Compute, specifically big compute - unlocks patterns in high dimensional data using sparse informational vectors to become dense in personally identifiable patterns. The ability to quantitatively measure how many individuals, or groups of similar characteristics, is quantitatively measured by Unicity.
Unicity is often used in the English language as embodied kindess and openness.
Unicity in mathematics is defined as stating the uniqueness of a mathematical object, which usually means that there is only one object fulfilling given properties, or that all objects of a given class are equivalent.
Unicity Distance in cryptography is not the focus of today, but it may help to elucidate the idea: it tells us how much ciphertext is required so that the encryption key can be uniquely recovered, assuming that the attacker knows the encryption algorithm and has access to both the ciphertext and some statistics about the plaintext. Basically, it lets you calculate how big the haystack needs to be to find a needle, before you go digging.
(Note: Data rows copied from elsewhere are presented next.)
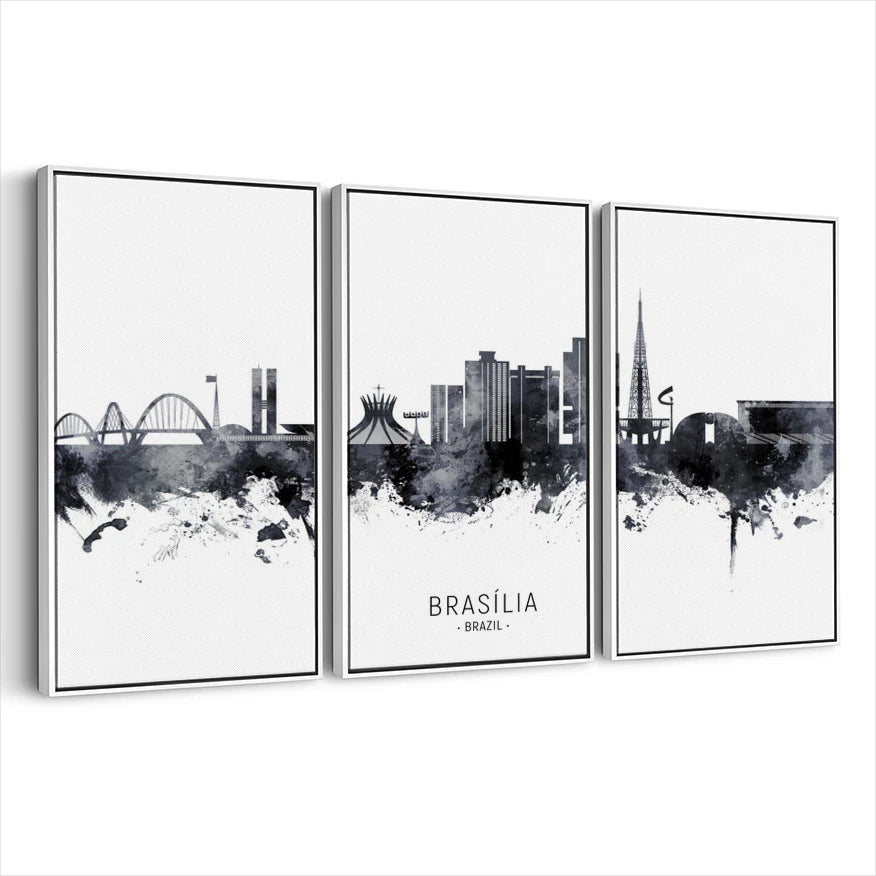 3-framed-canvas-white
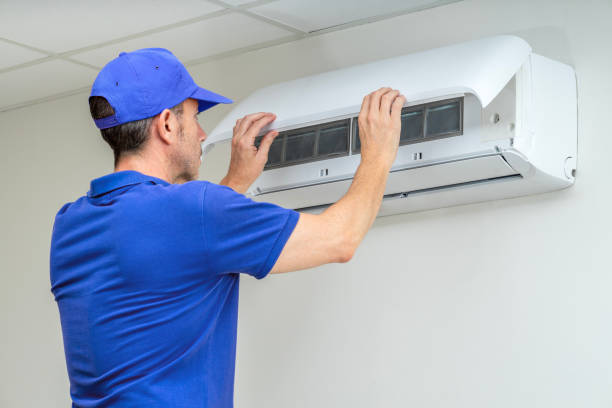 Best Air Duct Cleaning Near Me  in Grapevine, TX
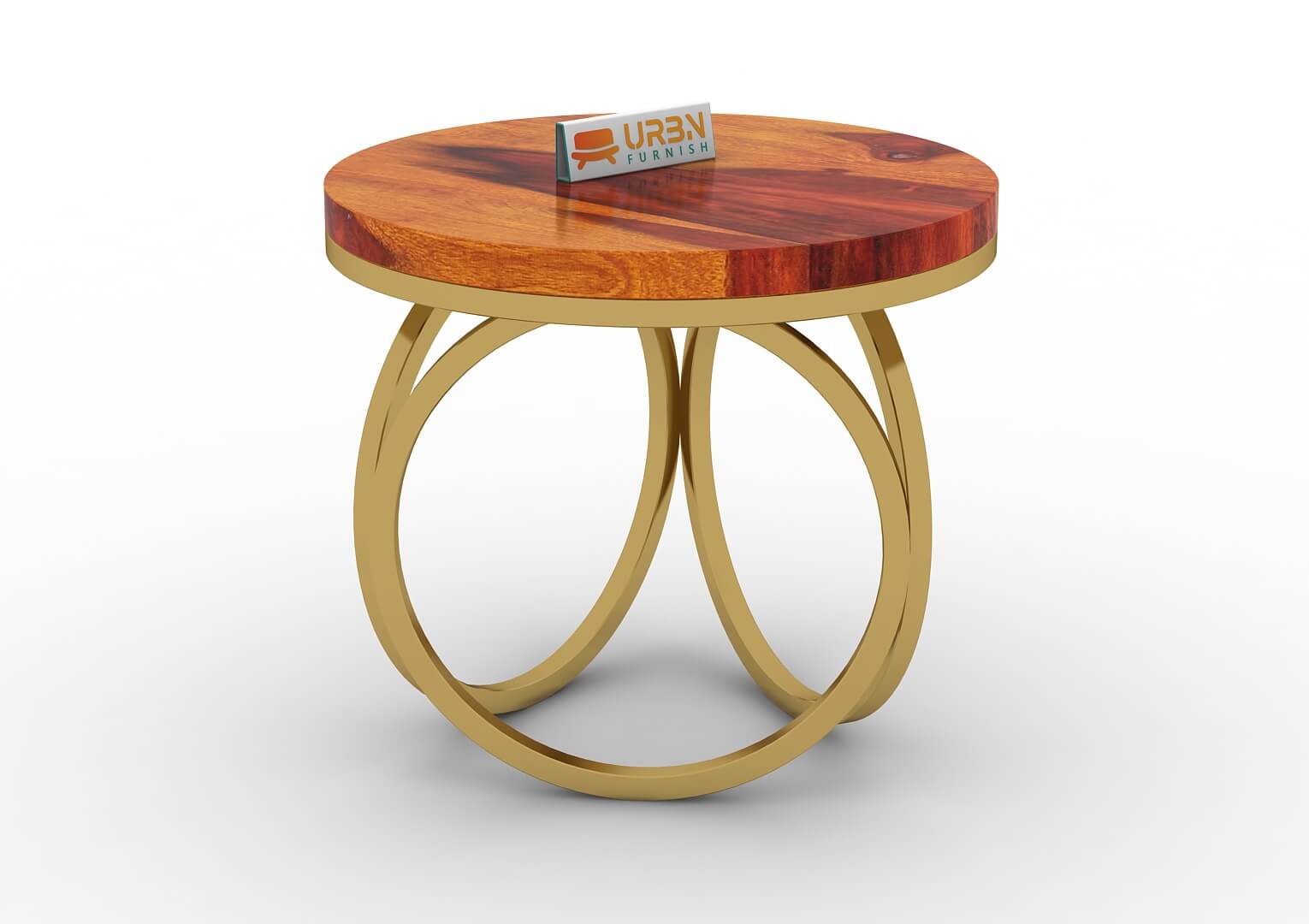 Ritzy-End-Side-Table-Golden-Honey_4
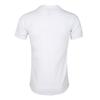 Air Jordan Flyprint Short Sleeve Sports T-Shirt Men Tops White 939615-100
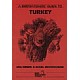 A Birdwatchers' Guide to Turkey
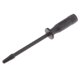 thumbnail image 4 of Sonda De Prueba De De Extensión De Cable De Prueba De Multímetro De 1000 Conector Hembra Negro Sunnimix Sondas de prueba del multímetro, 4 of 7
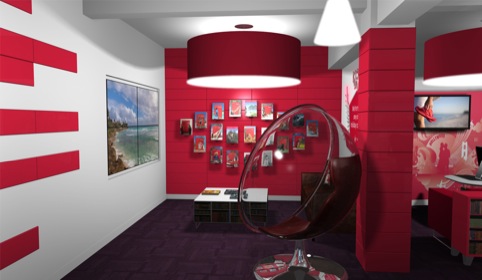 Virgin Holidays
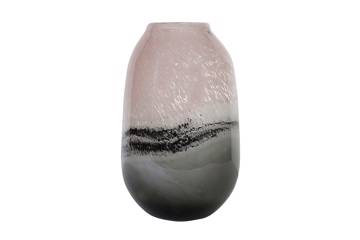 Catalina vase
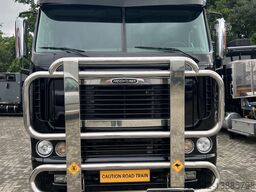 Freightliner SALE PRICE Argosy Truck USA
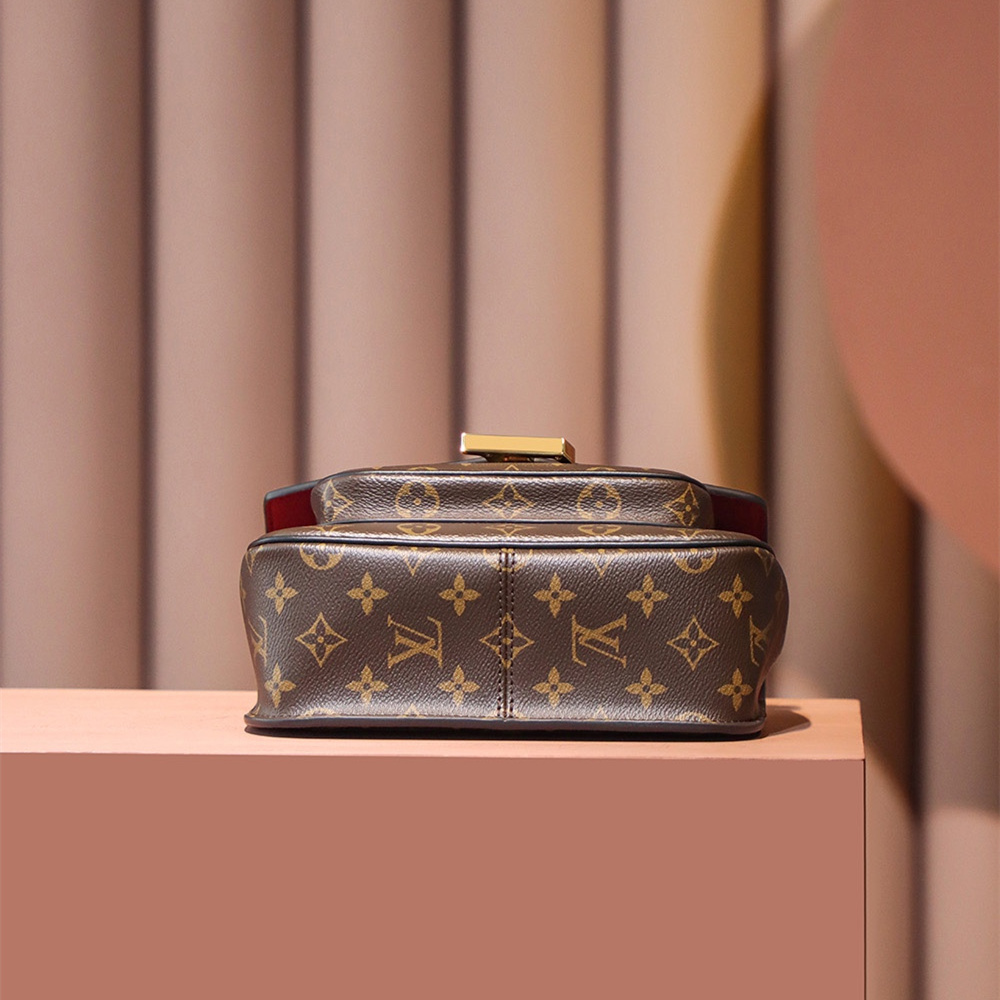 Louis Vuitton 路易威登 Leather Goods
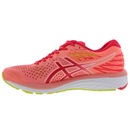 Tênis Asics Gel Cumulus 21 Shine - Feminino - Foto 5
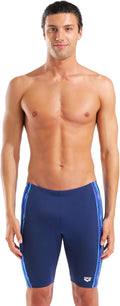 Arena ARENA STRIPES SWIM JAMMER F Performance MAN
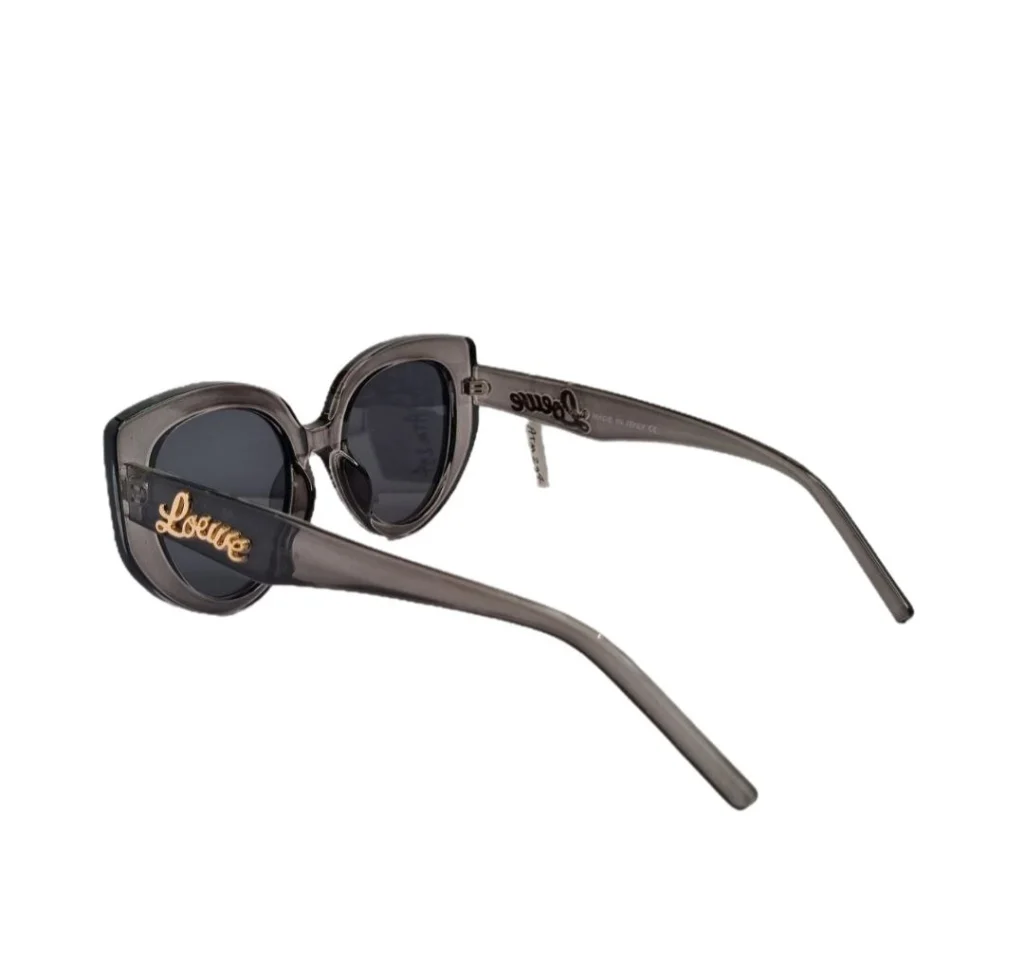 عینک آفتابی loewe 6193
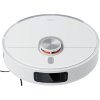 Xiaomi Robot Vacuum S20+ (White) EU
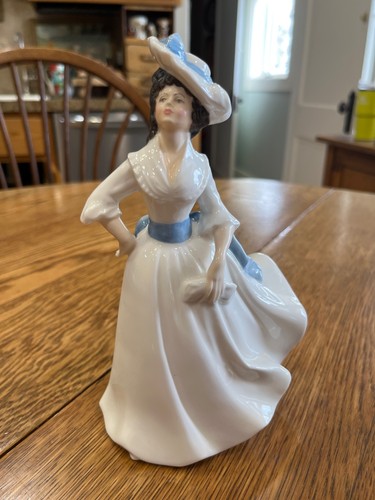 Royal doulton margaret bone - royal,
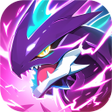 Icon of program: Master ArenaEvo Conquest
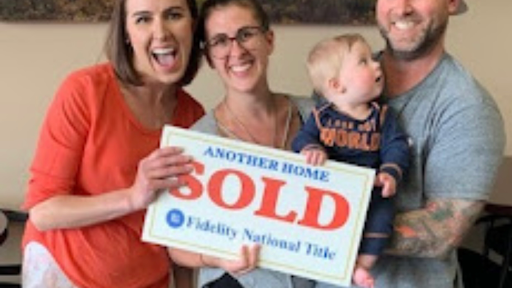 Mortgage Lender «Canyon River Mortgage, LLC», reviews and photos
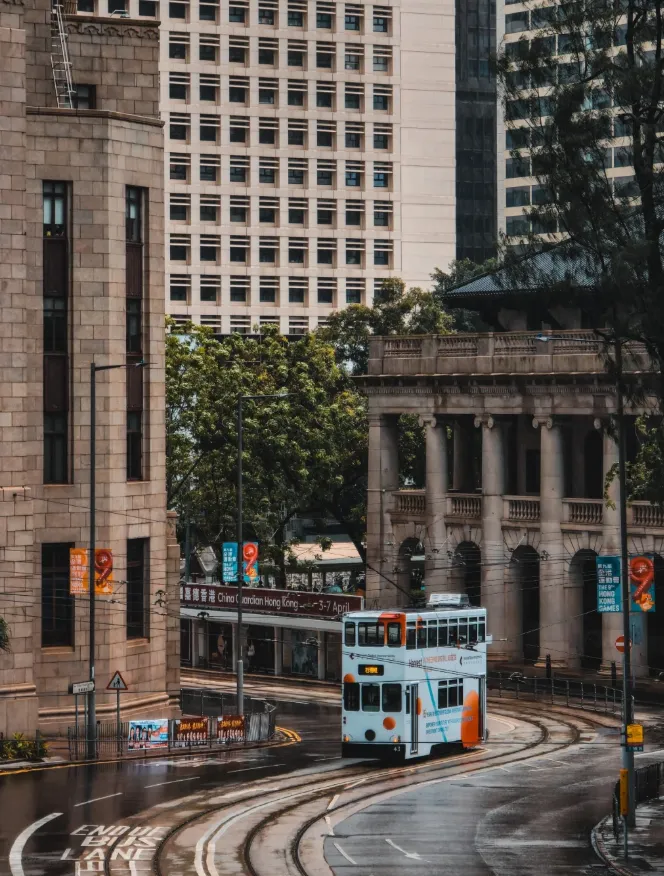 24b3ab9a18c0fcc9884a2aa271aaa9a1-sz_1541015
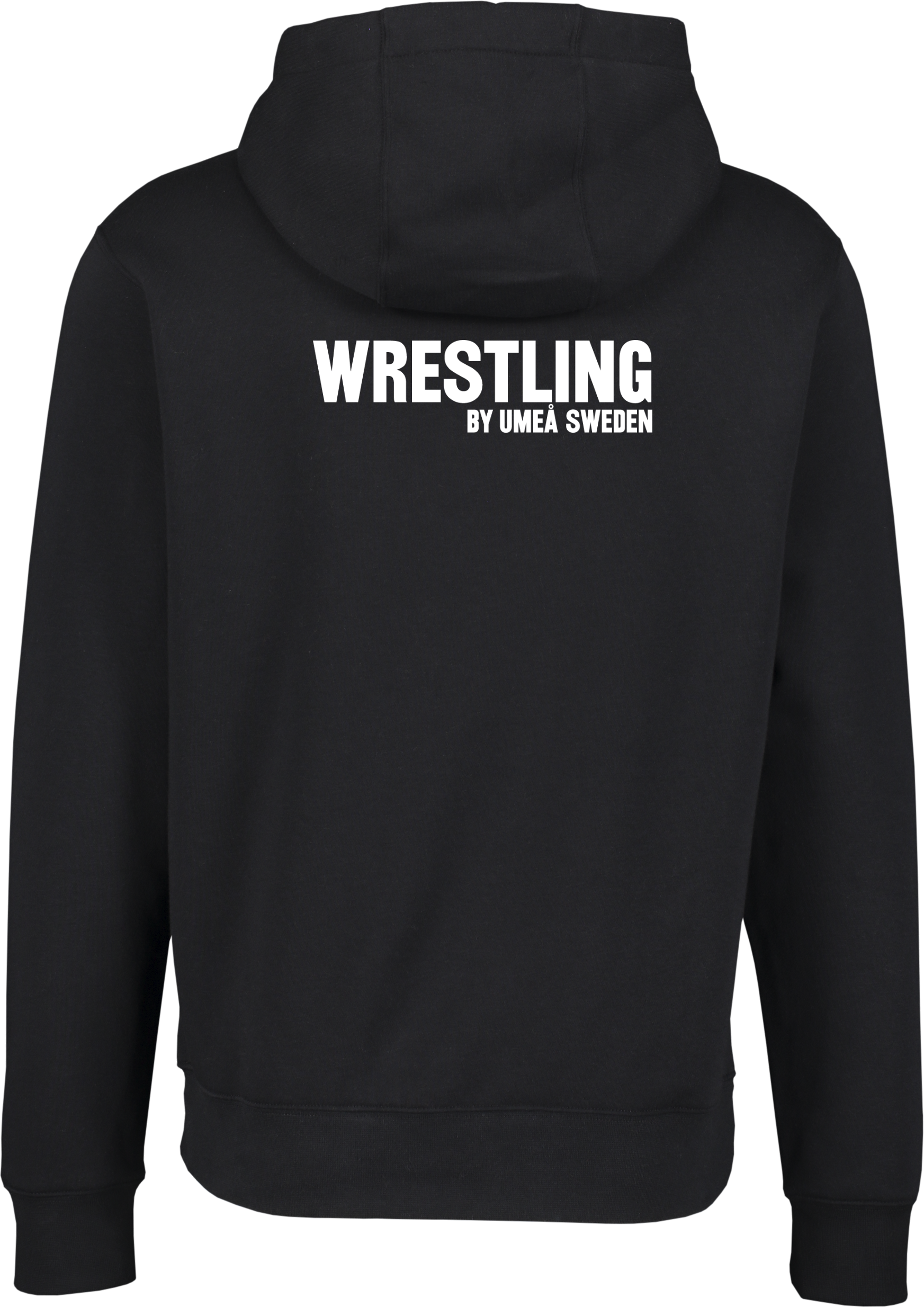 NIKE, Park 20 Flc Hood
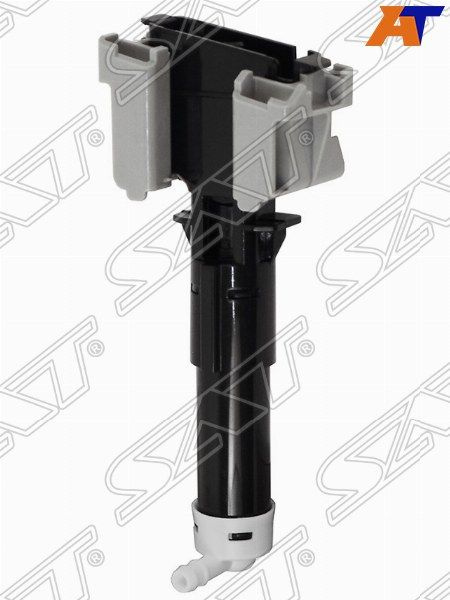 Омыватель фары Mazda 6 12-15 / Atenza 12-14 (Слева)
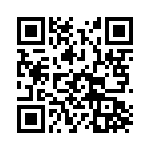 PIC18F452-E-PT QRCode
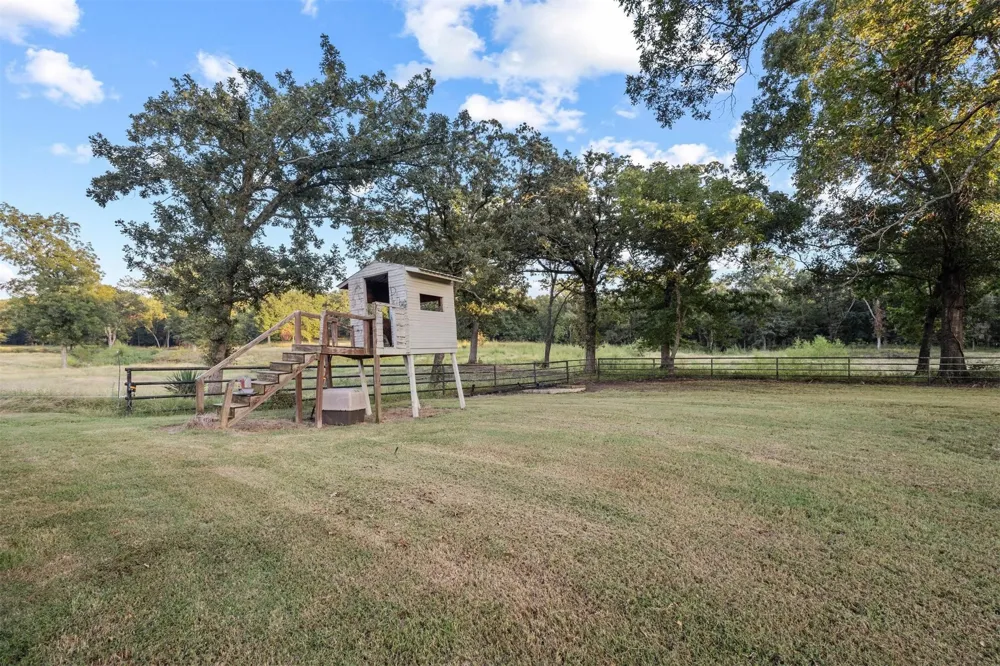 17428 Cumberland Road Madill, OK 73446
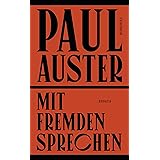Mit Fremden sprechen: Ausgewählte Essays und andere Schriften aus 50 Jahren
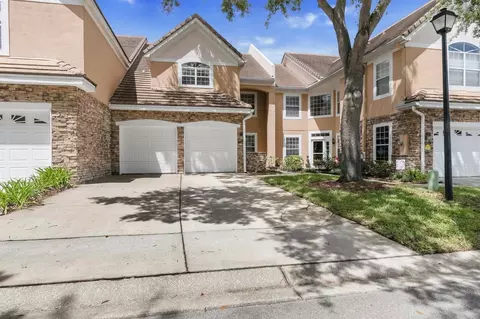 7320 Cypress Grove Rd #1, Orlando, FL 32819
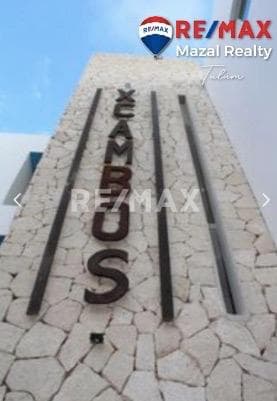 ¡¡EN VENTA!! EDIFICIO EN LA VELETA 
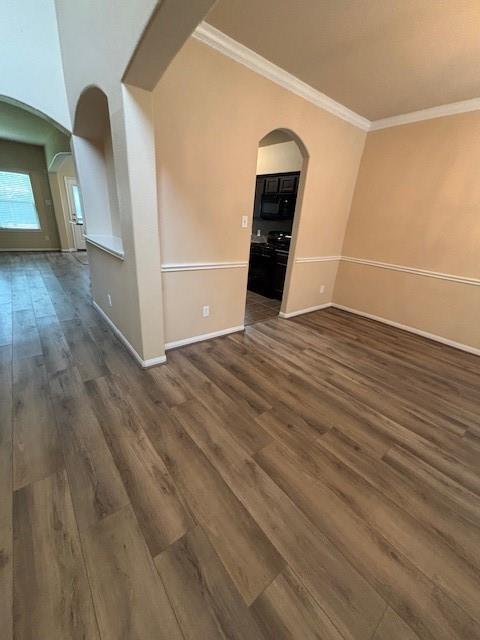 Building Photo - 995 Arbor Glen
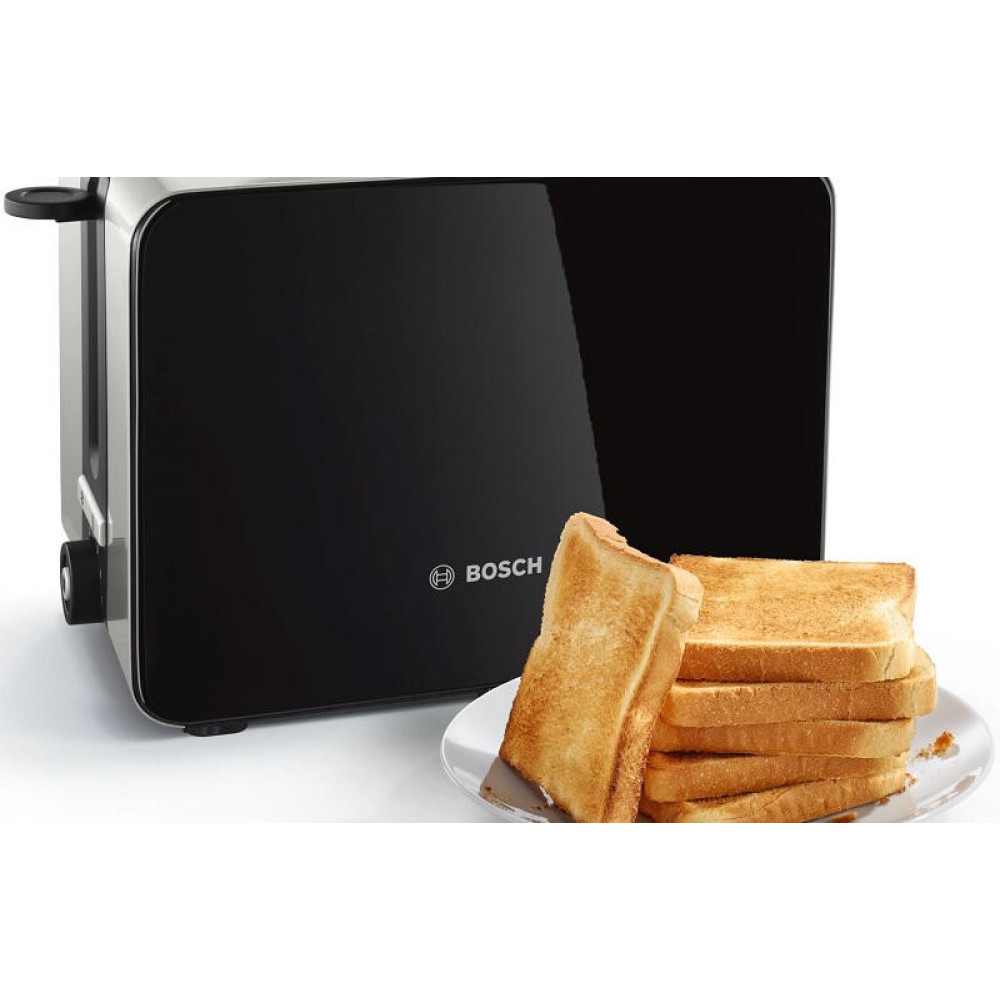 Тостер Bosch TAT7203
This idea of measuring unicity in large data sets was first made famous by a study that found over 90% of people could be uniquely re-identified in a Netflix Prize data set as they, “demonstrate that an adversary who knows only a little bit about an individual subscriber can easily identify this subscriber's record in the dataset. Using the Internet Movie Database as the source of background knowledge, we successfully identified the Netflix records of known users, uncovering their apparent political preferences and other potentially sensitive information.”
In 2021, I was reminded again that “
I had been doing signal processing studies on the human brain, seeing if we could change brain networks without conscious awareness. Spoilers: you totally can. That data may seem like it could be pretty sensitive, highly identifiable individual data - but there are data sets much more dangerous than that. Like your known Neflix usage.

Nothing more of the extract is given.